THE LABOR DEPARTMENT Trade Adjustment Assistance program's (TAA) count of NAFTA-related job losses provides a starting point, but even a study commissioned by the Labor Department concluded that it undercounts NAFTA's victims.

Several TAA limitations help explain this undercount:

  • TAA certification requirements are tight, with two in five applications denied;

  • Many of the workers that TAA relies on to file claims and to jump through bureaucratic hoops have limited literacy and English skills;

  • TAA only covers workers who produce certain kinds of manufactured goods; and

  • Only in 1997 did TAA even begin to consider the indirect job losses that occur when a plant relocates to Mexico and the plants that supply it close down.
For these reasons, critics such as Public Citizen's Bob Naiman argue that government bean counters miss at least two lost jobs for every one that they certify.

official response to these naysayers is that NAFTA has created many more U.S. jobs than it has destroyed. In a July 1997 study of NAFTA's first three years, the Clinton administration estimated that the trade accord created 311,000 U.S. jobs, or roughly twice the number of job losses that TAA has certified to date. The administration based this number on expanding U.S. exports to Mexico and Canada after NAFTA, estimating that a certain number of new workers were needed to supply every $1 million in expanded exports. Using a similar method, state officials estimated that rising Texas exports have yielded 40,000 new Texas jobs under NAFTA, or some three times the state's TAA-certified job losses.
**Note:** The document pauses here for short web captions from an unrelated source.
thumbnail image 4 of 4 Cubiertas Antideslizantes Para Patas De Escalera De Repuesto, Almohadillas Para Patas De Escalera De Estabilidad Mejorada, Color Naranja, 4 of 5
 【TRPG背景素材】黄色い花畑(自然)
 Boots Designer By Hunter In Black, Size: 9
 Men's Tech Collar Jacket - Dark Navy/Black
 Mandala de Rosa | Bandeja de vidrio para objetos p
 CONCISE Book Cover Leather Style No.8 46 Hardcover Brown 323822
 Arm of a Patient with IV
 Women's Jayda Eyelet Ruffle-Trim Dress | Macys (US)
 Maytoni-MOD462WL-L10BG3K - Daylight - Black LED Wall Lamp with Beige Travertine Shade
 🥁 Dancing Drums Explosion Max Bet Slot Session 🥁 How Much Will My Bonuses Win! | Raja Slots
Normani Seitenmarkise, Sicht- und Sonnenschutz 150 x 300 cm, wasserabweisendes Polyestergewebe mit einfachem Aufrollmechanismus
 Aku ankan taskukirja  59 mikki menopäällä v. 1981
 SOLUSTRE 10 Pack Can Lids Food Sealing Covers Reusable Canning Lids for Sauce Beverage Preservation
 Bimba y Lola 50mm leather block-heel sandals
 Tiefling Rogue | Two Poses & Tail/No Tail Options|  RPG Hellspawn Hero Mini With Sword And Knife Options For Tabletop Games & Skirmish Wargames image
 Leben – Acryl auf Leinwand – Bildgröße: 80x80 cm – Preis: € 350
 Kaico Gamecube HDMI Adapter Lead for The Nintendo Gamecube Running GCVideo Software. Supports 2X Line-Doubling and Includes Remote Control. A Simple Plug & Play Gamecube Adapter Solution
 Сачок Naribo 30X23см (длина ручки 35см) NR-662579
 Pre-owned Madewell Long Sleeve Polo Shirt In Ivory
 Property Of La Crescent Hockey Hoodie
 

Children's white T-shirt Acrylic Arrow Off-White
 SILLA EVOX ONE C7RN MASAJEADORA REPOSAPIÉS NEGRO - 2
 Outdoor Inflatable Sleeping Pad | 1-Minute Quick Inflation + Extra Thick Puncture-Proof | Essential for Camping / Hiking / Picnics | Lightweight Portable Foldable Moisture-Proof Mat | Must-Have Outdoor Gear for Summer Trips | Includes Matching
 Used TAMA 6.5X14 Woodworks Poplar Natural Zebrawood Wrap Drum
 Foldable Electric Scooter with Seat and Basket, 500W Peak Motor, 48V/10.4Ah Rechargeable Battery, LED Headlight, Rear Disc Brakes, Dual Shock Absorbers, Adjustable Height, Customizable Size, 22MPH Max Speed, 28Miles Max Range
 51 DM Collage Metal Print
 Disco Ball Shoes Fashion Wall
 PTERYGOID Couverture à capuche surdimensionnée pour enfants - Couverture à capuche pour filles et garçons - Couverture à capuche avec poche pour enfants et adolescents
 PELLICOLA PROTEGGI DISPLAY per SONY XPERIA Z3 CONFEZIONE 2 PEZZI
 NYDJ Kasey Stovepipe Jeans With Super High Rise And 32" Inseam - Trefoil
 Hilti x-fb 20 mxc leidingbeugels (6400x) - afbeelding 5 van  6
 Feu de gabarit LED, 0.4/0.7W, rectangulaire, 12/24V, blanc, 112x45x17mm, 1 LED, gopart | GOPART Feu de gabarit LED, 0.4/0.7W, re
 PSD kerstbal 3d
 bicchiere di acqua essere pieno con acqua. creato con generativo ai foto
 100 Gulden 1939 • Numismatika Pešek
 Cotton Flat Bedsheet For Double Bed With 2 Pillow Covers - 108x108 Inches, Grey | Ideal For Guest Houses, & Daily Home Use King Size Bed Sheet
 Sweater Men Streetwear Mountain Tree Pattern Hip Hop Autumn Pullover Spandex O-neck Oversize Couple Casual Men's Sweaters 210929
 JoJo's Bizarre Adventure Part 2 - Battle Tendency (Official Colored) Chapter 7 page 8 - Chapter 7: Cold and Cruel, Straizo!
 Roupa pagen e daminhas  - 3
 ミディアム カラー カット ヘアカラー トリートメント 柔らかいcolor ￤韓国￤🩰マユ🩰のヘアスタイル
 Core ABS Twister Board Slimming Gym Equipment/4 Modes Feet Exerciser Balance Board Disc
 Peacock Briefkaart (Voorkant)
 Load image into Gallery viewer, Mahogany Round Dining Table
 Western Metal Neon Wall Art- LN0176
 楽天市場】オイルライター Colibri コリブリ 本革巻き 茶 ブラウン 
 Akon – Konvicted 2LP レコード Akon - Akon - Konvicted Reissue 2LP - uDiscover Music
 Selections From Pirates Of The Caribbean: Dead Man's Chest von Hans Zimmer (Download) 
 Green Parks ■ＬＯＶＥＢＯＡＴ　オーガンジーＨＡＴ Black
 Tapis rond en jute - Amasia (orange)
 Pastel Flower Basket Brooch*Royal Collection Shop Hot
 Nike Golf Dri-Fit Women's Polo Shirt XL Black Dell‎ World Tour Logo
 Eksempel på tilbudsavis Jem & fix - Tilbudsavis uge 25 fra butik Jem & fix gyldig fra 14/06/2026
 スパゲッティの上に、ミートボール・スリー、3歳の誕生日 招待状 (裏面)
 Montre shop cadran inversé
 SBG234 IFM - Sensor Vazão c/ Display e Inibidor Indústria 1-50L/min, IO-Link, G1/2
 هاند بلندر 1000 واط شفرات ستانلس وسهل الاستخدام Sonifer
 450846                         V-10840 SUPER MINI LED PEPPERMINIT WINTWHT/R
Critics liken this method of counting jobs to a magic bank account in which deposits are always recorded but withdrawals are ignored. The Economic Policy Institute (EPI), a labor-backed think tank in Washington, D.C., charges that the Clinton administration pads its numbers by counting job gains attributed to expanding U.S. exports to Mexico and Canada without counting the job losses associated with rising imports from these NAFTA countries. (U.S. imports from the NAFTA countries have risen much faster than U.S. exports to Mexico and Canada.) An EPI study that count both imports and exports concludes that NAFTA has cost the United States a net loss of 394,835 jobs. "A Latino Review of President Clinton's NAFTA Package," a 1997 study put out by the National Council of La Raza (NCLR), the San Antonio-based William C. Velasquez Institute and UCLA's North American Integration and Development Center, concludes that NAFTA's first three years resulted in a smaller net loss of 91,000 U.S. jobs. -- B.M. & A.W.


151,256 PINK SLIPS SERVED

By December 1997, the U.S. Labor Department's Transitional Adjustment Assistance (TAA) program -- which systematically undercounts job losses -- certified that 151,256 U.S. jobs had been lost to NAFTA-related imports and plant shutdowns. The hardest hit sectors were garments, electronics and car parts. Texas topped the job-loss list, with 12,800 stiffed workers, about half of them in El Paso.

At 6,472 certified NAFTA job losses and counting, El Paso is NAFTA's undisputed job-loss capital, leaving No. 2 ranked Syracuse, New York (with 2,619 casualties) in a cloud of Southwestern dust.

El Paso Mayor Carlos Ramirez and local activist Cindy Arnold of the labor advocacy group Mujer Obrera (or "Working Woman") predict that the local NAFTA toll will reach 10,000 jobs once all 1997 layoff claims are processed. Kathleen Bombach, who directs a worker retraining center at El Paso Community College, estimates that another "20,000 jobs are vulnerable to permanently leaving El Paso over the next five years." Noting that the value of traded goods passing through El Paso more than doubled in NAFTA's first four years, Mayor Ramirez recently said, "We on the border who facilitate this trade are not receiving the benefits."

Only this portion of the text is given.